The killing of 49 people at a gay nightclub in Orlando—the deadliest shooting in U.S. history added poignancy and urgency to this weekend’s Pride events. Around the world. participants mourned in solidarity and called for an embrace of diversity and equality.

In too many nations, Pride activities have been met with violence. In the past, Ukraine was a prime example of this problem.

Ukraine has presented something of a contradictory conundrum. For all the attacks on LGBT-organized events in recent history and public displays of homophobia by government officials, there were also signs that there was mounting political will to embrace a more liberal approach to politics and human rights. Late last year, for example, as part of efforts to comply with the European Union’s Neighborhood Policy, Ukraine’s parliament passed a sweeping piece of workplace antidiscrimination legislation that specifically bans discrimination based on sexual orientation. Yet in mid-March, an equality festival in Lviv was forced to cancel because of bomb threats, a ban by the local government, and loss of sponsorship by the event’s venues. Two people trying to attend the cancelled festival were severely beaten, and police chose not to investigate the crime.

Then in the weeks preceding this weekend’s Kyiv Pride, neo-Nazi thugs openly declared that any celebration of Pride would become a “bloodbath.” But others pushed back against the threats; members of the European Parliament’s LGBTI Intergroup announced that they would join the festivities, and government officials announced that they hoped this weekend would “present a nation that is tolerant, wise and fair.”

So what is Ukraine? Is it a country that is moving away from the ideological influence of its neighbor to the East, Russia and towards the EU and the West in terms of politics, economics, and human rights? Yesterday we may have gotten our first hint at an answer.

In a victory for Ukraine’s LGBT community, some two thousand people attended the parade and there was no significant violence from counter-protesters who may have been deterred by the thousands of police who lined the parade route. Attendees included officials from foreign governments, including U.S. embassy staff.

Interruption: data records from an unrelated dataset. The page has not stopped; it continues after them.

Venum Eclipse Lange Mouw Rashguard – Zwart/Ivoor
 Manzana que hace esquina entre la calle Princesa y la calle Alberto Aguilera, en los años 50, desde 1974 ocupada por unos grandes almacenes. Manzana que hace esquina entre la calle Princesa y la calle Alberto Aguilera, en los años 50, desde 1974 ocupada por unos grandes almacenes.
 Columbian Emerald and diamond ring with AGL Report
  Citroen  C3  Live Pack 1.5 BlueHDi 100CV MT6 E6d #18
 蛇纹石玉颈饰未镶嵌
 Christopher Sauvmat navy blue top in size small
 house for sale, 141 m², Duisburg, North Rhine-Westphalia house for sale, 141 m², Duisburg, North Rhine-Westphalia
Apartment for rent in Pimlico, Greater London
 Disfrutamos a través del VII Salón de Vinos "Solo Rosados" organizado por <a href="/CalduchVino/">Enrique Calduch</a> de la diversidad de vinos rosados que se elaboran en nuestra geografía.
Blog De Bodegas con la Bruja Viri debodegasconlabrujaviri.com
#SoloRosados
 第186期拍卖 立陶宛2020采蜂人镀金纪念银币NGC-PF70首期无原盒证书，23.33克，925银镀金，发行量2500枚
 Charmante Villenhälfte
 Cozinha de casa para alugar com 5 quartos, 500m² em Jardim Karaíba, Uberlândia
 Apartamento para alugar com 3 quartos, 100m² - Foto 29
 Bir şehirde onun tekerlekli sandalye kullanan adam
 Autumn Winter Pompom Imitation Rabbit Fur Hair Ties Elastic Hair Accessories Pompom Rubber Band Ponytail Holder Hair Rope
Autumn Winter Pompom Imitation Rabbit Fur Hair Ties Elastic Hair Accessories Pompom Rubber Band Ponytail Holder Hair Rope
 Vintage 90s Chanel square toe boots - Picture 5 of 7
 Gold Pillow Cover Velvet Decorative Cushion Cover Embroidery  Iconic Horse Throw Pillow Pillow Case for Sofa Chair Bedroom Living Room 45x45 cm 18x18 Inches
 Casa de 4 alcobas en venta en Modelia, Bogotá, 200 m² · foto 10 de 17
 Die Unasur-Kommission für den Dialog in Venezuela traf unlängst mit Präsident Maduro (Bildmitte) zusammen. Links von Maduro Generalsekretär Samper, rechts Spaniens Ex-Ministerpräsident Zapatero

In March, one of the organizers of Lviv’s equality festival, Olena Shevchenko was insulted, terrorized, and assaulted. She saw the failure of Lviv’s leadership in an up close and personal way. Afterwards she urged members of the LGBT community to be strong: “It is always about visibility, it is always about how vocal you are, just don’t be afraid to be yourself, because that makes change.”

After Sunday, we can see that a change may have come to Ukraine, and while it’s only a beginning, perhaps the country’s leadership can use Kiev Pride to stand as a symbol of a nation getting on the right side of history. Maybe those tough questions about Ukraine’s identity just got a little easier to answer.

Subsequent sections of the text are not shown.